To my shame, I can't figure out how to handle exception for python 'with' statement. If I have a code:
with open("a.txt") as f: print f.readlines()
I really want to handle 'file not found exception' in order to do somehing. But I can't write
with open("a.txt") as f: print f.readlines() except: print 'oops'
and can't write
with open("a.txt") as f: print f.readlines() else: print 'oops'
enclosing 'with' in a try/except statement doesn't work else: exception is not raised. What can I do in order to process failure inside 'with' statement in a Pythonic way?

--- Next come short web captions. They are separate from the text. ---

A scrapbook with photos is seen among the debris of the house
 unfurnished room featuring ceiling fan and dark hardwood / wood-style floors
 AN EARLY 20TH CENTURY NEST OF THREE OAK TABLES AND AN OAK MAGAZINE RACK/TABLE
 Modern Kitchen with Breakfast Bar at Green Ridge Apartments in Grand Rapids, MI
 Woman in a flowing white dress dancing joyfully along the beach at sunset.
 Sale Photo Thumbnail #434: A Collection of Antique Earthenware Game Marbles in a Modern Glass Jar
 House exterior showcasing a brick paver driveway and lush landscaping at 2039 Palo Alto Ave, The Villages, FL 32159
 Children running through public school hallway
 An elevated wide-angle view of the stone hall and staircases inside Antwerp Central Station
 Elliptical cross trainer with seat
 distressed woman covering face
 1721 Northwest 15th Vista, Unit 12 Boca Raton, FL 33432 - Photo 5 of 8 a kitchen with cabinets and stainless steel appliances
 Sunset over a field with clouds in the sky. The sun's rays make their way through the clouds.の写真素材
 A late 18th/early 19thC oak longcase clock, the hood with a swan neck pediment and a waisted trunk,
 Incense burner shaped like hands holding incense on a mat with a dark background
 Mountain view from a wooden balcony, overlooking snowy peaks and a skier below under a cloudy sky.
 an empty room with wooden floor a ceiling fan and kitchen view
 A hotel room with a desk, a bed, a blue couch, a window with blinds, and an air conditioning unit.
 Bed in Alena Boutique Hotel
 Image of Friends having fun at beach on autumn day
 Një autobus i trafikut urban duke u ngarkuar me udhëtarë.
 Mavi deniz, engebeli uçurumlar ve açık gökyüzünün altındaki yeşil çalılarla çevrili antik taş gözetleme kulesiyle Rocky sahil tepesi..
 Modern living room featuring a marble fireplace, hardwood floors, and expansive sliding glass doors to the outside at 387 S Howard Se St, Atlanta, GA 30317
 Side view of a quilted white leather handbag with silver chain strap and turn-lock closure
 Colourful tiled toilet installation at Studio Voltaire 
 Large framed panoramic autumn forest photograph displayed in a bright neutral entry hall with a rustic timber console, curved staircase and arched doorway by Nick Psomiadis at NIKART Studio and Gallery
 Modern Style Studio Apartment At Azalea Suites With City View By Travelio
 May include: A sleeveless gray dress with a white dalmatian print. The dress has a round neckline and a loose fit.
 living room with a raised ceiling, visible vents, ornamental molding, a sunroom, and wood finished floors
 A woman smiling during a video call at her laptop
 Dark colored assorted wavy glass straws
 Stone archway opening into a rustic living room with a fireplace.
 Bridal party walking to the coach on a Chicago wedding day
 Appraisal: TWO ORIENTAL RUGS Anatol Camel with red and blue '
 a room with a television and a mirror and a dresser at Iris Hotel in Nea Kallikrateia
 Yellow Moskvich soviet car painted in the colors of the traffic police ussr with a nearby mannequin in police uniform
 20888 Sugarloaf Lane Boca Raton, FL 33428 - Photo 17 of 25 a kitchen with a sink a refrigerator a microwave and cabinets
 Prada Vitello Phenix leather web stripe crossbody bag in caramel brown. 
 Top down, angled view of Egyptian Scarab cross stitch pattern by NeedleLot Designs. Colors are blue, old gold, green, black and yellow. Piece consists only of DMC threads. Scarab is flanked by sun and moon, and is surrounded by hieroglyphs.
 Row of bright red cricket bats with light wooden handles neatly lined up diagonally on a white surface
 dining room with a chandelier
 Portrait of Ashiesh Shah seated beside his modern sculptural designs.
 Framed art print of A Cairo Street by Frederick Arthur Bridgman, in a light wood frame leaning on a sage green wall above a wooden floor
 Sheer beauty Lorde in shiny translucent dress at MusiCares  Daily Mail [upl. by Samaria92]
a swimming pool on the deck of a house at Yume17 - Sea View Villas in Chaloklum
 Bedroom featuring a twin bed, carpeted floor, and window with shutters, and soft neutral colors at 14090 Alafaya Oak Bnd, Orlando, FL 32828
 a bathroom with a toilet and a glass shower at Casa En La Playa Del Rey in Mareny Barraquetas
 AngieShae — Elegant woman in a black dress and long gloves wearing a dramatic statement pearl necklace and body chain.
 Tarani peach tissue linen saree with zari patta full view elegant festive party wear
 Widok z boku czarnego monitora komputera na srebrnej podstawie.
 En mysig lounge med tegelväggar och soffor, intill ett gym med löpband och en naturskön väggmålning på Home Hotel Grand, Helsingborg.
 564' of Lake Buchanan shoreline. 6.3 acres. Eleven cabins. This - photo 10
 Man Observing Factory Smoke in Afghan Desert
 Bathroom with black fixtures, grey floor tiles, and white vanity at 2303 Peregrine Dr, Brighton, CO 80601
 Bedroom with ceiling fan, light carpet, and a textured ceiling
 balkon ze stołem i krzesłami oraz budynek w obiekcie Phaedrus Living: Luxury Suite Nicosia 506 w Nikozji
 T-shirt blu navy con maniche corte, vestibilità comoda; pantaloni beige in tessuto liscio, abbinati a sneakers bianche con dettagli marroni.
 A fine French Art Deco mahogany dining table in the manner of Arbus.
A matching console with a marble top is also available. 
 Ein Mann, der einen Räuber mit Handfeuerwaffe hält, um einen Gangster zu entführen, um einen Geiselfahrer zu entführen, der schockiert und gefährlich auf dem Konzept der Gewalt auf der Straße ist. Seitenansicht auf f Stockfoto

from __future__ import with_statement try: with open( "a.txt" ) as f : print f.readlines() except EnvironmentError: # parent of IOError, OSError *and* WindowsError where available print 'oops'
If you want different handling for errors from the open call vs the working code you could do:
try: f = open('foo.txt') except IOError: print('error') else: with f: print f.readlines()
The best "Pythonic" way to do this, exploiting the
with statement, is listed as Example #6 in PEP 343, which gives the background of the statement.
@contextmanager def opened_w_error(filename, mode="r"): try: f = open(filename, mode) except IOError, err: yield None, err else: try: yield f, None finally: f.close()
Used as follows:
with opened_w_error("/etc/passwd", "a") as (f, err): if err: print "IOError:", err else: f.write("guido::0:0::/:/bin/sh\n")